Qualquer pessoa pode ter atitudes canalhas. Eu, você, o Papa, um monge, o Presidente, um idoso, uma criança... Ninguém está imune a essa postura, e, muito provavelmente, já o foi em algum momento ou em alguma medida.
Não há pessoas canalhas, e sim atos canalhas. É muito difícil ser canalha em tempo integral, pois isso acarretaria que todas as suas atitudes fossem em benefício próprio, após ter acordado algo diferente com outra pessoa.
E então, compro o livro! Grande expectativa! Esperança de páginas e páginas sobre todos os tipos de canalhas e canalhices de todas as épocas da humanidade.
Eis que me surpreendo. O livro é pura filosofia! – Também, o que eu deveria esperar de um livro escrito por dois filósofos né?
Minha primeira surpresa, confesso, é que filosofia é muito legal! Caraca! Por que não ensinam isso verdadeiramente nas escolas? Deveria ser matéria de concurso público!
Porque a filosofia leva à reflexão, e refletir leva ao conhecimento interior, e ao nos conhecermos, descobrimos nossos limites (ou a ausência deles) e nossas amarras, o que verdadeiramente nos liberta, mesmo que nos delimite, mas sendo essa delimitação de nossa livre escolha, a partir do nosso conhecimento interior.

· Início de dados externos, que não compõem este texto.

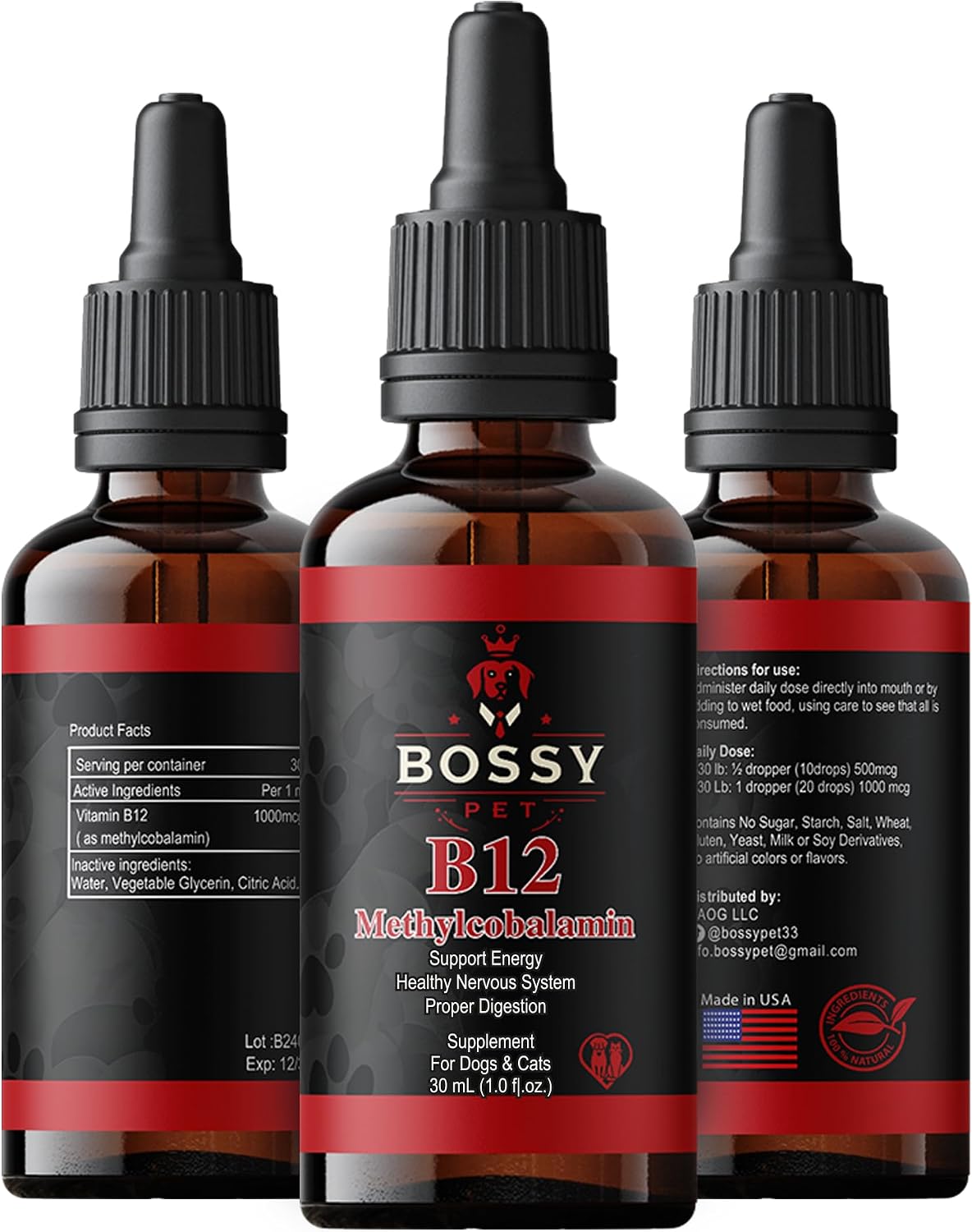 Vitamina B12 para Perros y Gatos - Suplemento Líquido de Metilcobalamina - Apoya Energía, Función Nerviosa y Apetito - Absorción Rápida - Fácil de Administrar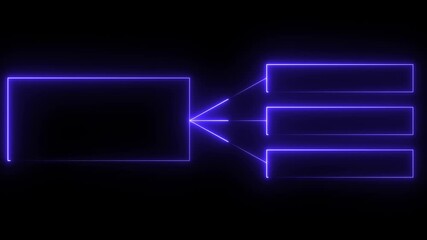 Glowing neon line Business hierarchy chart icon animation background. Neon flowchart, Corporate organizational structure graphic elements, network diagram, hi-tech illustration - Powered by Adobe
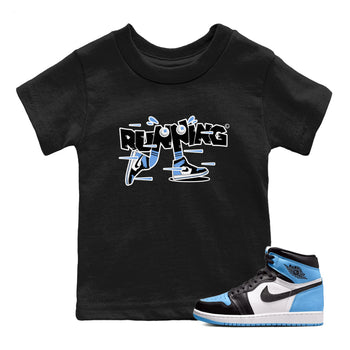 Air Jordan 1 Retro High OG UNC Toe Shirt to match Jordans Running Shoes Sneaker Tees AJ1 UNC Toe SNRT Sneaker Release Tees Kids and Baby Tees Black 1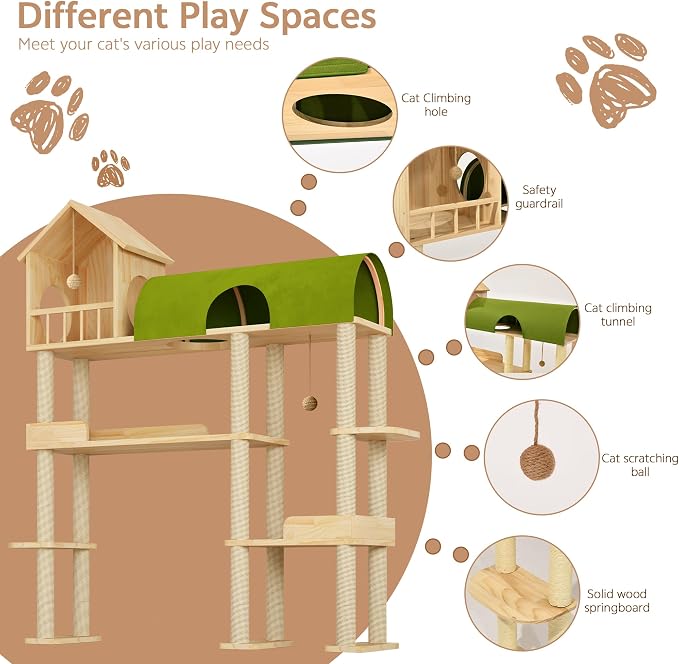 60'' Cat Tree for Automatic Litter Box, for Heavy Cats up to 22lbs | Solid Wood Large Cat Tower with Tunnel & House, Space-Saving for Indoor Multi-Pet Households, Stops Furniture Scratching - Image 3
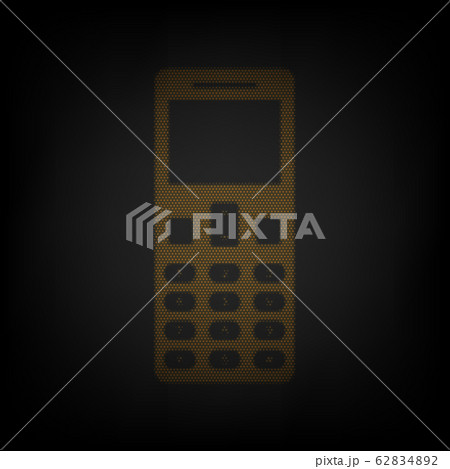 Smartphone sign. Icon as grid of small orange light bulb in darkness. Illustration. 62834892
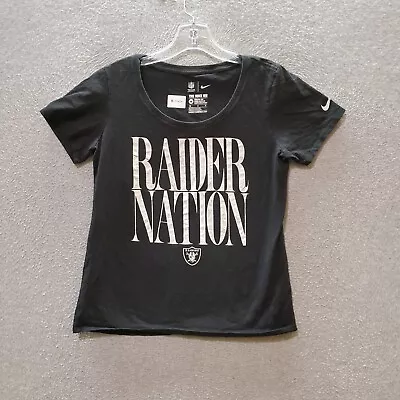 Oakland Raiders Women Top Medium Black Logo Raider Nation Nike Short Sleeve • $13.51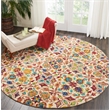 Pemberly Row Contemporary 8' x ROUND Ivory Floral Indoor Rug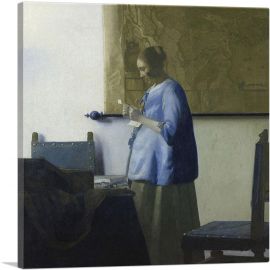 Woman In Blue Reading a Letter 1663-1-Panel-26x26x.75 Thick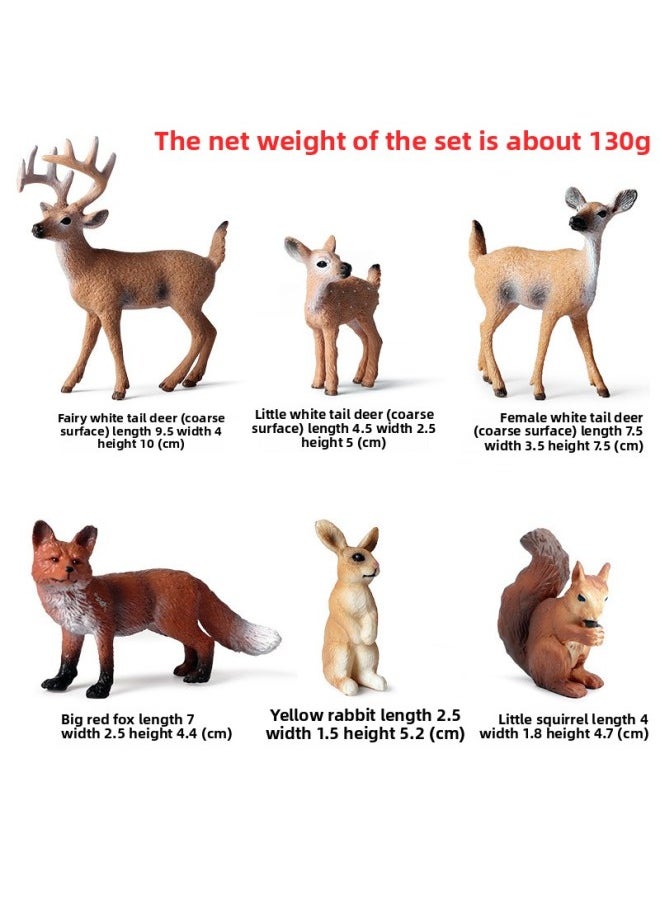 Generic - Simulation Solid White-tailed Deer Squirrel Fox Rabbit Wild Jungle Moving Suit Model Children's Toys-Color:White-tailed Deer Squirrel Red Fox Rabbit 6 Sets - Image 1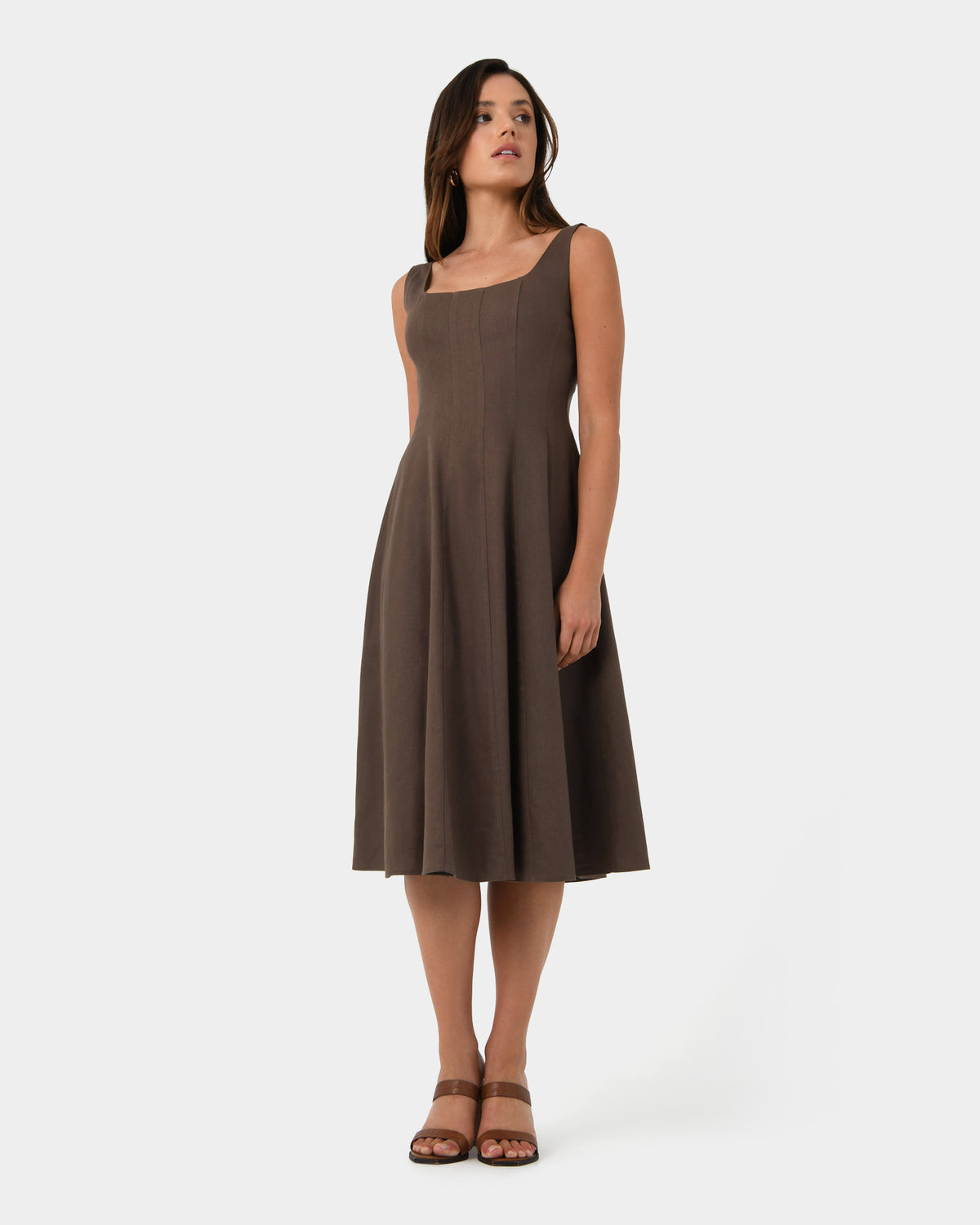 Saira Linen A-line Dress in brown — full-length view 2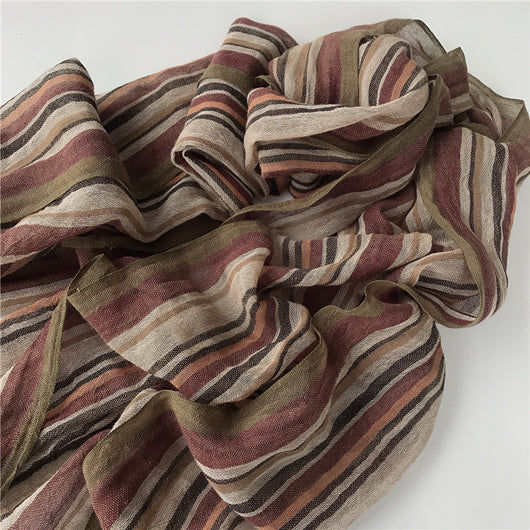 Pañuelo de Algodón y Lino a Cuadros - Chal Suave para el Cuello - Image 35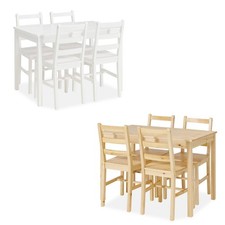 Essgruppe mit 4 Stühlen Set Tisch Stuhl Kiefernholz weiß oder natur Homestyle4u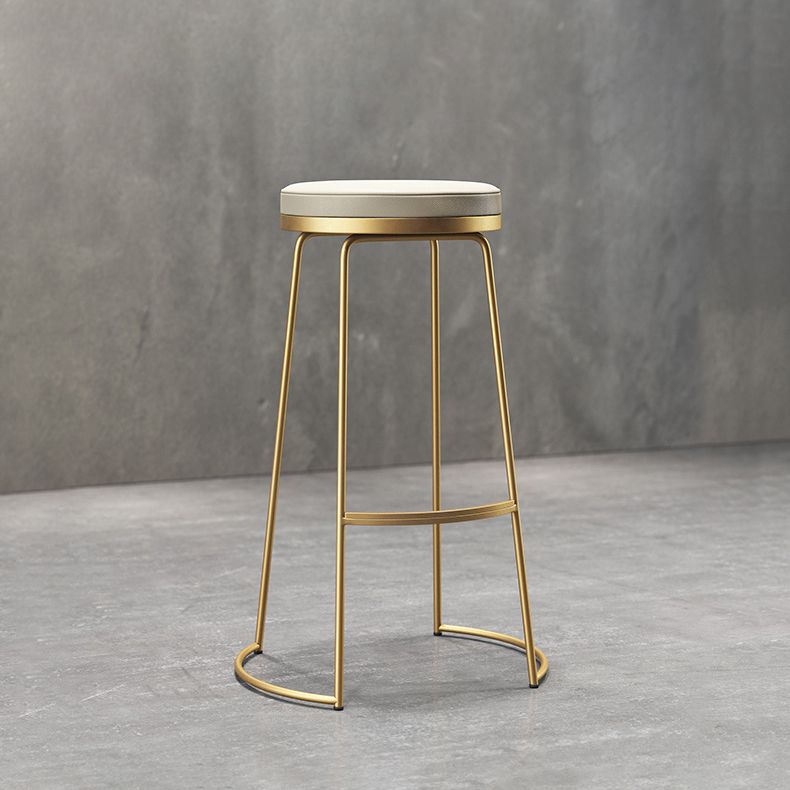 Glam Leather Bar Stool Backless Counter Stool for Bristol with Metal Legs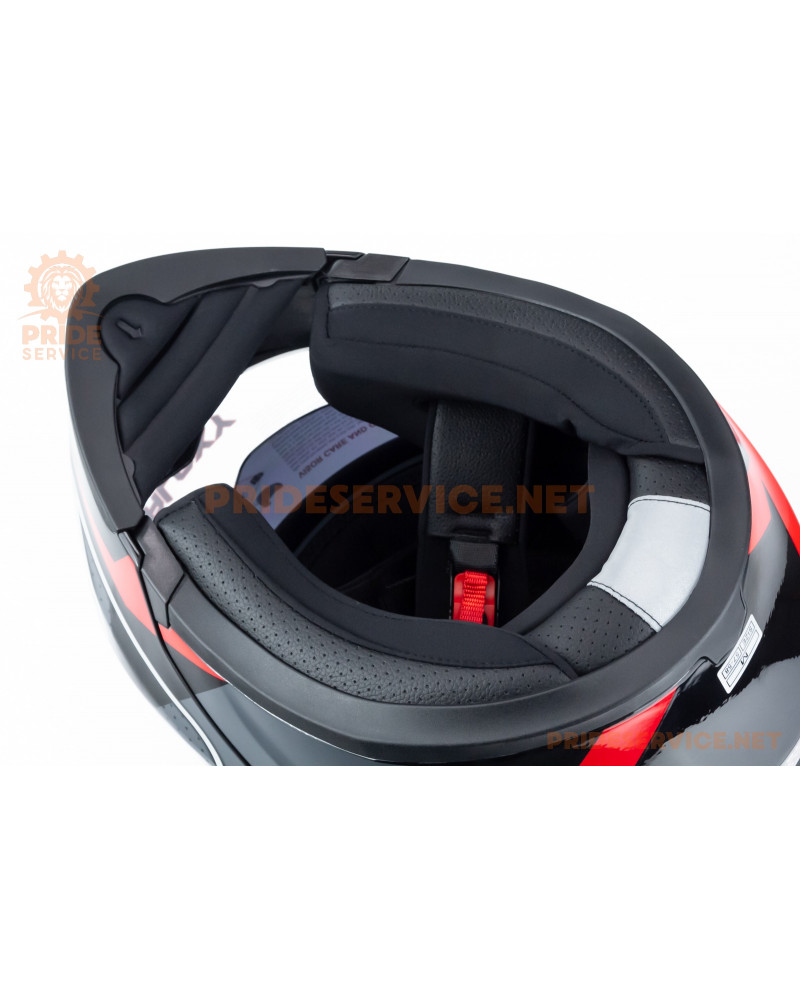 Шолом модуляр з відкидним підборіддям, висувні окуляри GLX-902 M (57-58см), чорно-червоний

O livro é uma construção em forma de bate-papo entre os dois autores. E o papo é gostoso, suave, delineado, percorrendo um caminho aprazível, que nos leva a conhecer o modo como os valores de uma sociedade foram construídos, e qual caminho percorreu.
Partindo de Aristóteles e Platão, passando por Kant e Stuart Mill, essa construção aborda situações contemporâneas, tornando-as por vezes engraçadas, e a leitura palatável.
E os conceitos sobre valores, virtudes, relacionamento, respeito, obediências, contratos, cidadania, ética, etc, vão se agrupando, tomando forma, moldando de modo que ao final (e pela primeira vez em minha vida!), o livro seja conclusivo, mas não pelas mãos dos autores, e sim pela própria conclusão de quem o lê. O livro não te impõe um fim, um modo de pensar, um paradigma. O livro te faz ter faz ter a própria visão do que é um canalha, o que é muito libertador!
Hoje, por exemplo, dentro dessa minha nova concepção, reconheço um canalha a quilômetros!
E reconheço também os diversos momentos em que fui canalha com o próximo. Sim, pois comprar dois chocolates, comer o seu e ainda um pedaço do chocolate da sua parceira é uma tremenda canalhice!
E nisso, o livro é assustador... mesmo que por um instante, mesmo que a dor proporcionada seja efêmera, em determinado momento, fomos todos canalhas!